Kamudaki kadrolara geçiş için 4 Aralık 2017 tarihinde çalışıyor olmak şartının konmuş olması nedeniyle yıllarca taşeronda çalışmış ancak bu tarihten önceki dönemde işten çıkarılmış ya da ihalesi sona ermiş taşeron işçiler kadroya geçiş hakkından yararlanamamışlardır. Ayrıca KHK ile taşeron işçilerin devam eden davalarından veya icradaki alacaklarından vazgeçmesi ve geçmişe yönelik haklarından da feragat etmesi istenmesi yüzünden önemli miktarlarda alacakları olan bazı taşeron işçiler, dava ve alacaklarından vazgeçmemek için başvuru bile yapmamıştır. Hukuka aykırı koşul, birçok işçiyi kendiliğinden kadro dışarısında itmiştir.

‘AYIPLI BİR DURUM’

Yaklaşık 350 bin taşeron işçi bu düzenlemeden yararlanamamıştır. İktidar partisi, çözüm doğrultusunda adımlar atmak yerine, sorunu görmezden gelmekte, aileleriyle taşeron işçileri 4 yılı aşkın bir süredir mağdur etmektedir.
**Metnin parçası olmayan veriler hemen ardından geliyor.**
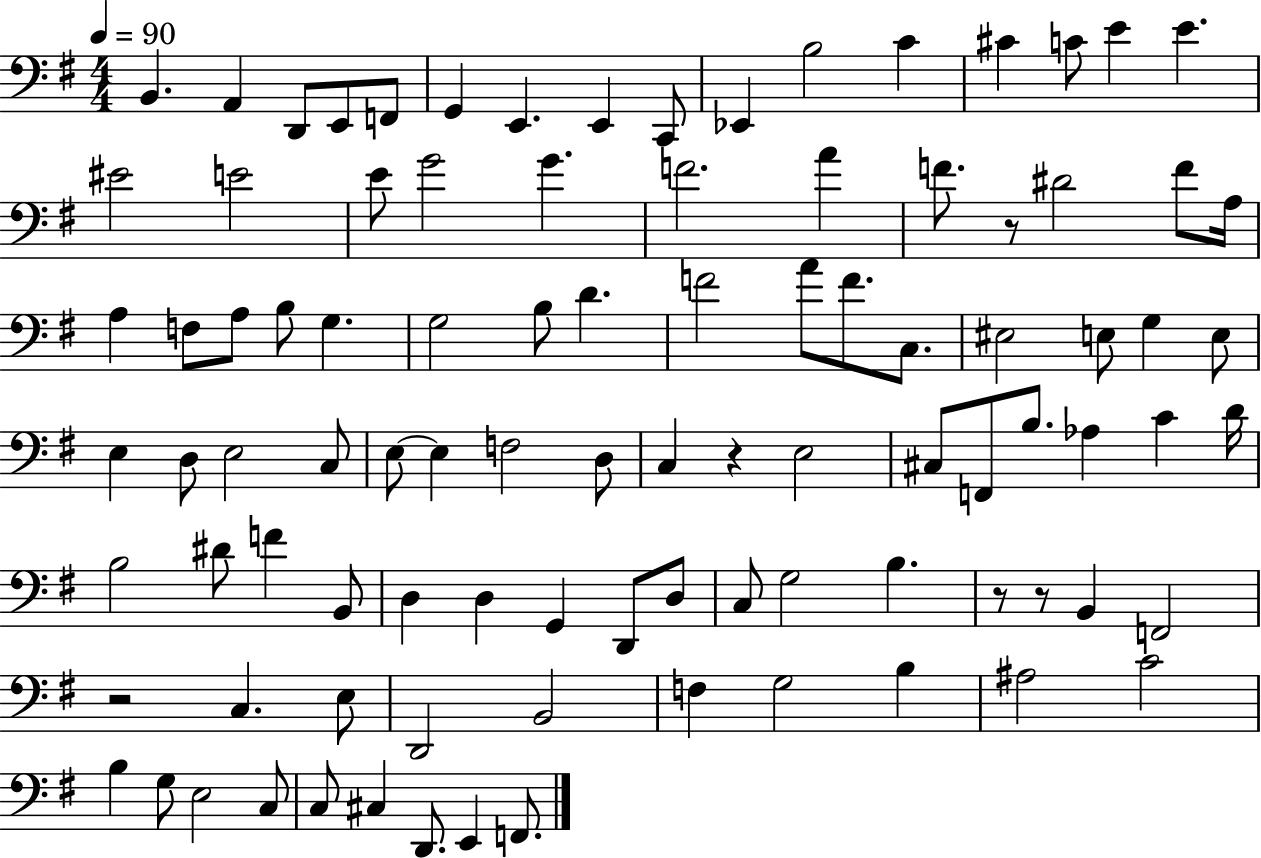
{
  \clef bass
  \numericTimeSignature
  \time 4/4
  \key g \major
  \tempo 4 = 90
  \repeat volta 2 { b,4. a,4 d,8 e,8 f,8 | g,4 e,4. e,4 c,8 | ees,4 b2 c'4 | cis'4 c'8 e'4 e'4. | \break eis'2 e'2 | e'8 g'2 g'4. | f'2. a'4 | f'8. r8 dis'2 f'8 a16 | \break a4 f8 a8 b8 g4. | g2 b8 d'4. | f'2 a'8 f'8. c8. | eis2 e8 g4 e8 | \break e4 d8 e2 c8 | e8~~ e4 f2 d8 | c4 r4 e2 | cis8 f,8 b8. aes4 c'4 d'16 | \break b2 dis'8 f'4 b,8 | d4 d4 g,4 d,8 d8 | c8 g2 b4. | r8 r8 b,4 f,2 | \break r2 c4. e8 | d,2 b,2 | f4 g2 b4 | ais2 c'2 | \break b4 g8 e2 c8 | c8 cis4 d,8. e,4 f,8. | } \bar "|."
}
Taşeron işçilerin, sürekli işçi kadrolarına geçirilerek, yıllar süren haksızlık ve eşitsizliklerin son bulması ve çalışma hayatının kanayan yarası haline gelen taşeron işçiliğin son bulması gerekmektedir.

İktidar partisinin kötü ekonomi yönetimi nedeniyle, Türk Lirası’nın aşırı değer kaybettiği, enflasyonun yükseldiği, genç işsizliğin arttığı bir dönemde, taşeron işçiler, ekonomik krizden daha fazla etkilenmekte, yürütme organı atabileceği adımları atmayarak bu olumsuzluğu körüklemektedir.

Adalet ve Kalkınma Partisi sözcülerince dünyanın en büyük ekonomileri arasında gösterilen, pandemiden dahi etkilenmemesiyle övünülen Türkiye ekonomisinin taşeron işçi kangrenini çözememiş olması ayıplı bir durumdur.

Kanun teklifi ile 696 sayılı KHK ile sürekli işçi kadrolarına alınmayan ve kapsam dışı bırakılan işçiler ve eski mahkumlar ile KİTler, özel bütçeli kamu kuruluşları ve kanunla kurulmuş birlik ve kooperatiflerde çalıştırılan taşeron işçilerden davalarından ve alacaklarından feragat etmedikleri için kadroya başvuruda dahi bulunamayan taşeron işçilerin sürekli işçi kadrolarında istihdamı öngörülmektedir.”